Bangladesh, with up to 19.9 million internal climate migrants by 2050, is likely to have almost half the projected internal climate migrants for the entire South Asia region, says the latest Groundswell report 2021 of the World Bank.
According to the report, in the pessimistic reference scenario, South Asia is projected to have 35.7 million climate migrants by 2050 (1.6 percent of the total population; this is the ensemble average). This reflects the region's high vulnerability to climate change impacts, particularly in coastal and deltaic areas facing sea-level rise and storm surges.
Bangladesh drives the numbers in the region, with a projected 13.3 million climate migrants in the pessimistic reference scenario, or 37 percent of the region's projected climate migrants. Indeed, in Bangladesh, climate migration could outpace other internal migrations by 2050.
In the more inclusive development scenario, the ensemble average of climate migrants in the region overall is cut by 40 percent (down 14.6 million) in comparison, while in the more climate-friendly scenario, it is cut by over 50 percent (down 18.8 million). Here too, sustained development gains and lessening climate change impacts on highly densely populated vulnerable areas will be crucial.

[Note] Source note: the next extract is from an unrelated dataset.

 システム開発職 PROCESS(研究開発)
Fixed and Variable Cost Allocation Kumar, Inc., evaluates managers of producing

In the first Groundswell report, Bangladesh was projected to account for a third of internal climate migrants in South Asia by 2050 in the pessimistic reference scenario, due to its growing population and high vulnerability to climate change. Model results showed that in all scenarios, urban and coastal areas could see dampened growth as climate out-migration hotspots, as sea-level rise, augmented by storm surges, would make them less liveable.

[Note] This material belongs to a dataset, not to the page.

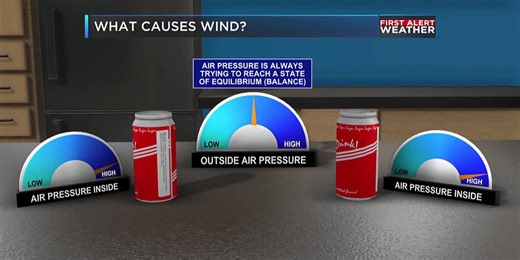 A deep dive into how wind works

Bangladesh's Perspective Plan 2021–2041 factors in climate change as a driver of future migration and shifting population centres, while also recognising migration as a potential adaptation option for people living in the most vulnerable areas.
It also acknowledges the need for both incremental and transformational approaches to build resilience to climate change in key sectors, especially agriculture. The Bangladesh Delta Plan 2100, adopted in September 2018, lays out a comprehensive strategy for managing risks in delta regions, including those from climate change. Bangladesh has also adopted a strategy to develop secondary cities and towns and make them hubs of innovation, providing new economic, education, and employment opportunities
The report has four policy recommendations that could reduce the number of people forced to move because of climate change by 80%.
The ensemble Groundswell reports show that by 2050, as many as 216 million people could be internal climate migrants across the six World Bank regions- Sub-Saharan Africa could see as many as 85.7 million internal climate migrants (4.2 percent of the total population); East Asia and the Pacific, 48.4 million (2.5 percent of the total population); South Asia, 40.5 million (1.8 percent of the total population); North Africa, 19.3 million (9.0 percent of the total population); Latin America, 17.1 million (2.6 percent of the total population); and Eastern Europe and Central Asia, 5.1 million (2.3 percent of the total population).